• _TASK REQUIREMENTS_: Would you tally how many lines in the records include the word "Titanium"? Reply with the number only.

Items from a dataset:
● ● ●

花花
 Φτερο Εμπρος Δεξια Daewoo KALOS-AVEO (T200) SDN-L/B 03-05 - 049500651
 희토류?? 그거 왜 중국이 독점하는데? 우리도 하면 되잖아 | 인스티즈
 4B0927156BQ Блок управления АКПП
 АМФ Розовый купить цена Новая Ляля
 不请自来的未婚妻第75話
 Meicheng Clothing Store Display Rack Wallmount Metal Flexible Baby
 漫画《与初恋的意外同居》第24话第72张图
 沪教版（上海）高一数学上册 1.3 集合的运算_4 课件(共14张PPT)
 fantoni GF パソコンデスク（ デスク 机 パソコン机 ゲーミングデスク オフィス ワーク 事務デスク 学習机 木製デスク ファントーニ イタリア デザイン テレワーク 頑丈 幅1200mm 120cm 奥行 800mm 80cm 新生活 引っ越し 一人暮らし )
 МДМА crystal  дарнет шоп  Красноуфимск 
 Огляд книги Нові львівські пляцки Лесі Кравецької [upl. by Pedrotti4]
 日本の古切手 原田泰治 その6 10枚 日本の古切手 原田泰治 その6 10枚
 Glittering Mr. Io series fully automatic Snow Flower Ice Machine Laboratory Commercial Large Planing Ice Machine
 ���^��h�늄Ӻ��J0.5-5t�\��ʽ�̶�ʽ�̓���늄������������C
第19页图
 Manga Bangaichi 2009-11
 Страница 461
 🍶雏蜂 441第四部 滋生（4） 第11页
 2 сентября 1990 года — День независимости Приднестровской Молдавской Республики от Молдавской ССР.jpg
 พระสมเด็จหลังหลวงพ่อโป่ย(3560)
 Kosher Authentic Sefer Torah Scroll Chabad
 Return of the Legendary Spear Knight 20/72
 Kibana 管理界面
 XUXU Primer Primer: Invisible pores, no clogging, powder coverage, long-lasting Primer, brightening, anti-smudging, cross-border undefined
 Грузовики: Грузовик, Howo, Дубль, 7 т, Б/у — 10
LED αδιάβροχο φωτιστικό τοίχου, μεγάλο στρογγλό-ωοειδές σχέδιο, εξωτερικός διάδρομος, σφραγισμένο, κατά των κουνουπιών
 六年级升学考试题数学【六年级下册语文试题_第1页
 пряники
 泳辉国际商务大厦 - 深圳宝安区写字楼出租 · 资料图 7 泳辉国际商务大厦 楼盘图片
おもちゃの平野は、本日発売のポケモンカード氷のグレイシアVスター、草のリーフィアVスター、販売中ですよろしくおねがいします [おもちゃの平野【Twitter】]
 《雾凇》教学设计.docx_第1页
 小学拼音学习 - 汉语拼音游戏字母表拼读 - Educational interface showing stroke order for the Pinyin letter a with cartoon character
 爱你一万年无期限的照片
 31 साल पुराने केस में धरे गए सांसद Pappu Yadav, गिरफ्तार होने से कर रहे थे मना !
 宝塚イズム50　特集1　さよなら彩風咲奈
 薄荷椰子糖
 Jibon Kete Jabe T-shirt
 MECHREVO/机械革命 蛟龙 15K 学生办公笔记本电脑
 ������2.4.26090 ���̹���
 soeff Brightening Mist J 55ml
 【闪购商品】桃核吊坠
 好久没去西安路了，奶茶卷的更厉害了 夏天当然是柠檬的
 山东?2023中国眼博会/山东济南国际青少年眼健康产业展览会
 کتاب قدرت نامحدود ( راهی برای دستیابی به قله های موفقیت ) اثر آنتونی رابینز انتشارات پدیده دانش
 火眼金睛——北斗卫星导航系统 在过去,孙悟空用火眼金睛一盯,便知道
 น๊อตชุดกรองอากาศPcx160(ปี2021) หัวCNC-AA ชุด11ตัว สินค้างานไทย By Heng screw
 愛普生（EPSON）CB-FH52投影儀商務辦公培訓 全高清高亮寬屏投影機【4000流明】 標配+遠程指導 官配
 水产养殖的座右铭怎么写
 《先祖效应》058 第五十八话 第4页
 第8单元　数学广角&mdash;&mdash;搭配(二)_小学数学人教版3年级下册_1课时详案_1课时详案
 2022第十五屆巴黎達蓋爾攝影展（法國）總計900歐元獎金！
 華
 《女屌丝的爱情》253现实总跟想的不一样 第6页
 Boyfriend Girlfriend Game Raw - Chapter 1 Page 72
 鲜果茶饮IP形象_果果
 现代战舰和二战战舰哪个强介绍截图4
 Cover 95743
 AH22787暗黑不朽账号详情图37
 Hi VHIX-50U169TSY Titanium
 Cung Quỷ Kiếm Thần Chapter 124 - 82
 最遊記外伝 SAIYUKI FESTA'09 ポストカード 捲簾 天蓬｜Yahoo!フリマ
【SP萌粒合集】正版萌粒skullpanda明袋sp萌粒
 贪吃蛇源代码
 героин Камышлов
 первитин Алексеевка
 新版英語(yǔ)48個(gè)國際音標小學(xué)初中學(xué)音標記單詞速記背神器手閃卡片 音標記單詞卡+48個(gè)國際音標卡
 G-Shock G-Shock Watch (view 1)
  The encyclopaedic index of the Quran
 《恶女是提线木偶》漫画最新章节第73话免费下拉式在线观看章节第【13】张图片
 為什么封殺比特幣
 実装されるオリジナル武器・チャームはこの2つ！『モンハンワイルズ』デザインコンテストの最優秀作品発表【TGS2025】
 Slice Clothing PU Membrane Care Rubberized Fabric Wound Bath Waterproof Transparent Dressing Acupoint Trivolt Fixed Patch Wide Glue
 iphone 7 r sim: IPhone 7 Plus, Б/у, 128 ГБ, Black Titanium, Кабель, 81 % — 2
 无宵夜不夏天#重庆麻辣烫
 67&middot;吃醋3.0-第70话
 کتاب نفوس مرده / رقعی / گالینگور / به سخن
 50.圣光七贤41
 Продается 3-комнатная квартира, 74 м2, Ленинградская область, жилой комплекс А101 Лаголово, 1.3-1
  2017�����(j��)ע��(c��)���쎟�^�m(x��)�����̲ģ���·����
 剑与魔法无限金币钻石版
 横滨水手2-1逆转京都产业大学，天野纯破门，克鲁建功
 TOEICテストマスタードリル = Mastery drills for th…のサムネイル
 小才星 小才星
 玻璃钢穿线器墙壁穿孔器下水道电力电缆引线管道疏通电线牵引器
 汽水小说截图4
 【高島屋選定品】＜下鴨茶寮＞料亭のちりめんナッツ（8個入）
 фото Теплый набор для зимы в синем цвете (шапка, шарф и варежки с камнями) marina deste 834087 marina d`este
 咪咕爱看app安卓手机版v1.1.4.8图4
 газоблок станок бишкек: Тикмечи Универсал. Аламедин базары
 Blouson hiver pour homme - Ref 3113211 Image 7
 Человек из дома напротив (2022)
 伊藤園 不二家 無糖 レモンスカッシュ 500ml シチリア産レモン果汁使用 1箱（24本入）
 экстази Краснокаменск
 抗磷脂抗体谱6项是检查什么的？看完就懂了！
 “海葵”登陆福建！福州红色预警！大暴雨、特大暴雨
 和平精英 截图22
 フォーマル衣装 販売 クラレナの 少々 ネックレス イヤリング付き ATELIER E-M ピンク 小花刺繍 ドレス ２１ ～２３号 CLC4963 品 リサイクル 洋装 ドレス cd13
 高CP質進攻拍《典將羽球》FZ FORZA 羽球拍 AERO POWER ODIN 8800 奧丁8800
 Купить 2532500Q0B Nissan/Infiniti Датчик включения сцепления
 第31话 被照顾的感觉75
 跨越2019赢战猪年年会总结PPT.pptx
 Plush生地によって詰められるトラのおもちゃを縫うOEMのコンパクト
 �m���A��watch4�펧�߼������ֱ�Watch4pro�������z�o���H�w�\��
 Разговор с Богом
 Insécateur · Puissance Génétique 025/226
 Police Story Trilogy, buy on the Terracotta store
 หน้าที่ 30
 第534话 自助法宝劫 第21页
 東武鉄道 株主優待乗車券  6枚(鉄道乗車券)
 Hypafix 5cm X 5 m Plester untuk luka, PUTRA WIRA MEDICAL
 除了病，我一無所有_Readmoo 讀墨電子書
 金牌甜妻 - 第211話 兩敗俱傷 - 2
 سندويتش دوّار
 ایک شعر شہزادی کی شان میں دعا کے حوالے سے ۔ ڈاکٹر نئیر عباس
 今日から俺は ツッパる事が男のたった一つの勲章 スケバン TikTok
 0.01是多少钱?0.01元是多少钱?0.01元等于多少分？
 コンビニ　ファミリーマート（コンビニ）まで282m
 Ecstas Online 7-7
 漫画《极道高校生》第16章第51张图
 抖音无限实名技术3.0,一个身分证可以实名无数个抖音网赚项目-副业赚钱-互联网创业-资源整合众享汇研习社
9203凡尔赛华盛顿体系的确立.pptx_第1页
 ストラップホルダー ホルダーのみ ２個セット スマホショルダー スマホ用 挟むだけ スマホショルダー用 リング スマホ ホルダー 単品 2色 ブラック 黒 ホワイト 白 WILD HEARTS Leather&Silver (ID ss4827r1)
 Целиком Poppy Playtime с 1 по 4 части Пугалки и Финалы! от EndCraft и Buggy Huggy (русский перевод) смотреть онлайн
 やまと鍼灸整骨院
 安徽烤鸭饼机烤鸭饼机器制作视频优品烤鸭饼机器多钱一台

● ● ●

• _ANSWER BOX_: 2